Мусоргский, который был уже знаменитым аккомпаниатором, нищий композитор, который много играл на благотворительных концертах и за свою работу никогда не брал денег, — и студент-медик Василий Бернардович Бертенсон. К концерту удалось привлечь тенора итальянской оперы Равелли. За день до концерта певец хочет познакомиться с аккомпаниатором. Студент, уже наслышанный о жестоком пьянстве композитора, все же является к нему с надеждой на лучшее. Вид Мусоргского привел его в ужас. Похоже, Бертенсон не мог даже найти слов в своих воспоминаниях, чтобы выразить увиденное. Произнес лишь два слова: «пьянее вина». «Лепечущим голосом он стал меня уверять, почему-то по-французски, что ездить к итальянцу не стоит, что он, мол, справится и т. д.». Бертенсон увещевал, упрашивал. Нетрезвый композитор твердил на французском: «Нет, мсье, нет; теперь это невозможно». Как он мог выступать, если даже чтобы проводить юного студента с трудом поднялся на ноги? Правда, у двери отвесил поклон и прибавил — опять по-французски: «Итак, до вечера!»

Бедный медик! Вынужден был солгать итальянцу, будто Мусоргского не удалось застать дома. Что ему пришлось говорить, как удалось убедить не отказываться от участия в концерте? Что он сам должен был пережить, с каким ужасом ждал роковой минуты? Упросил, правда, товарища постеречь композитора и доставить его пораньше.

Но ужас преследовал его в тот знаменательный день. Итальянец распевался, после одной рулады вдруг заявил, что он не в голосе, что весь свой репертуар он должен пропеть на полтона или на тон ниже. Взмокший Бертенсон бросился к Мусоргскому с кошмарной вестью. Модест Петрович при сообщении оказался до удивительного спокоен, привстал не без галантности с кресла, бросил по-французски: «Отчего же нет?»

Успех выступления превзошел все ожидания.

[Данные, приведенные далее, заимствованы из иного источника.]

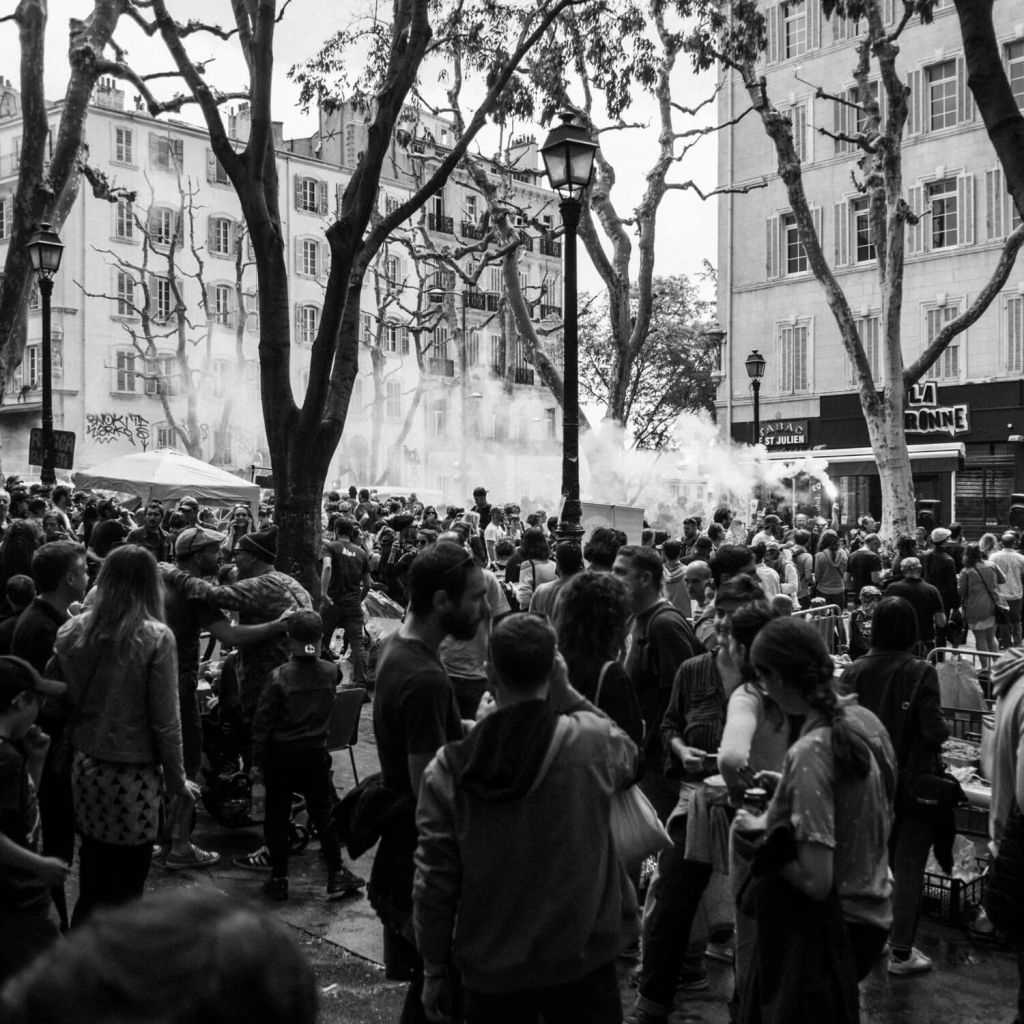 Foule réunie pour la sardinade des feignants (2019)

Хотя репертуар Равелли Мусоргскому был почти не знаком. Так и запечатлелось в памяти ошеломленного и счастливого Василия Бернардовича: гром аплодисментов и восхищенный итальянец, обнимавший Модеста Петровича с возгласами: «Какой артист!»

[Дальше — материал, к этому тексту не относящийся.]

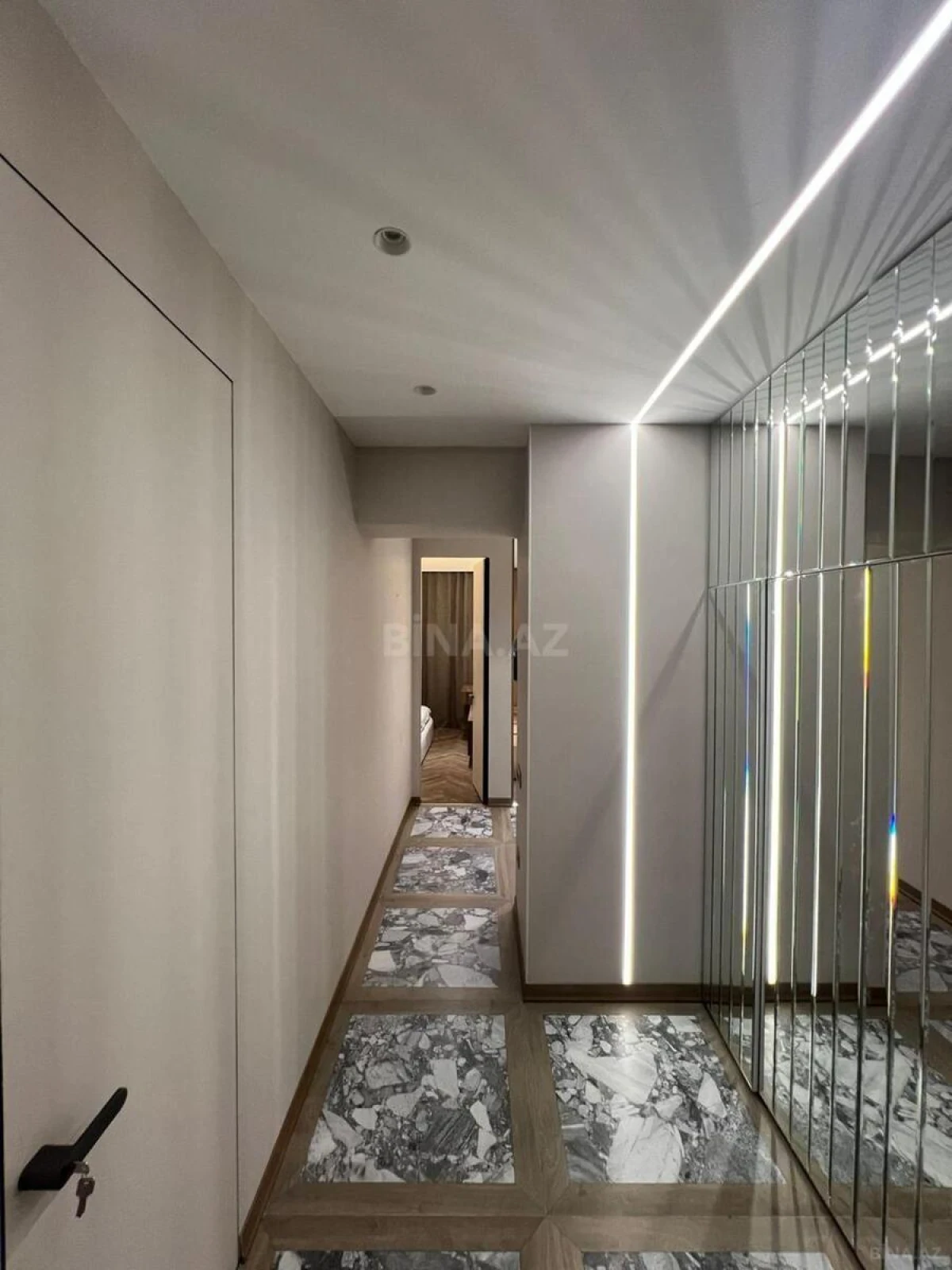 Kirayə verilir 2 otaqlı mənzil 60 m²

Читать о состоянии Мусоргского, сидевшего одиноко в своей комнате, быть может, горестно. Но то, как он вел себя на сцене, это — высшая степень профессионализма. Мог легко аккомпанировать с листа, не менее легко транспонировал, то есть переводил из одной тональности в другую, причем — с ходу. И это при неизвестном ранее репертуаре певца. И после жестокого похмелья…

Второго апреля начнет рождаться последняя картина «Хованщины», с Досифеем и черноризцами, шестого — Мусоргский на репетиции перед концертом Леоновой, где он, разумеется, будет аккомпанировать.

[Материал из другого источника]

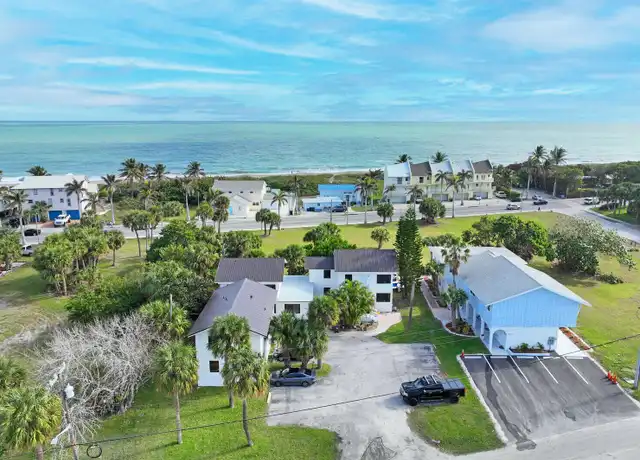 Property at 652 Hernando St Unit C, Fort Pierce, FL, 34949, 1 bed, 1 bath, [object Object]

Восьмого — уже концерт, где из произведений Мусоргского прозвучат сцена Марфы с Андреем, «Пляска персидок» и «Блоха». И молодой слушатель, Тюменев, заносит в дневник: сцена — «очень трагична, но в музыке, к сожалению, передана не сильно», «Персидка» — «на этот раз понравилась мне более, чем в концерте Бесплатной школы; тогда я ожидал от нее бог знает каких красот и был разочарован, теперь же приложил мерку более умеренную и прослушал вещь с удовольствием», «Блоха» — «взгляд довольно дюжинного свойства, хотя автору она, как кажется, нравится».